There is one exception which has sadly to be made — one class of men, of whom I would fain, if possible, have avoided mention, who are strangers to any such scruples. These be Executors — a word to be strongly accented on the penultimate; for, indeed, they are the common headsmen of collections, and most of all do whet their bloody edge for harmless books. Hoary, famous old collections, budding young collections, fair virgin collections of a single author — all go down before the executor’s remorseless axe. He careth not and he spareth not. ``The iniquity of oblivion blindly scattereth her poppy,’’ and it is chiefly by the hand of the executor that she doth love to scatter it. May oblivion be his portion for ever!

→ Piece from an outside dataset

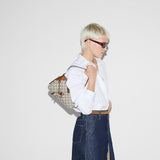 Emblem small shoulder bag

Of a truth, the foes of the book-lover are not few. One of the most insidious, because he cometh at first in friendly, helpful guise, is the bookbinder. Not in that he bindeth books — for the fair binding is the final crown and flower of painful achievement — but because he bindeth not: because the weary weeks lapse by and turn to months, and the months to years, and still the binder bindeth not: and the heart grows sick with hope deferred. Each morn the maiden binds her hair, each spring the honeysuckle binds the cottage-porch, each autumn the harvester binds his sheaves, each winter the iron frost binds lake and stream, and still the bookbinder he bindeth not. Then a secret voice whispereth: ``Arise, be a man, and slay him! Take him grossly, full of bread, with all his crimes broad-blown, as flush as May; At gaming, swearing, or about some act That hath no relish of salvation in it!’’ But when the deed is done, and the floor strewn with fragments of binder — still the books remain unbound. You have made all that horrid mess for nothing, and the weary path has to be trodden over again. As a general rule, the man in the habit of murdering bookbinders, though he performs a distinct service to society, only wastes his own time and takes no personal advantage.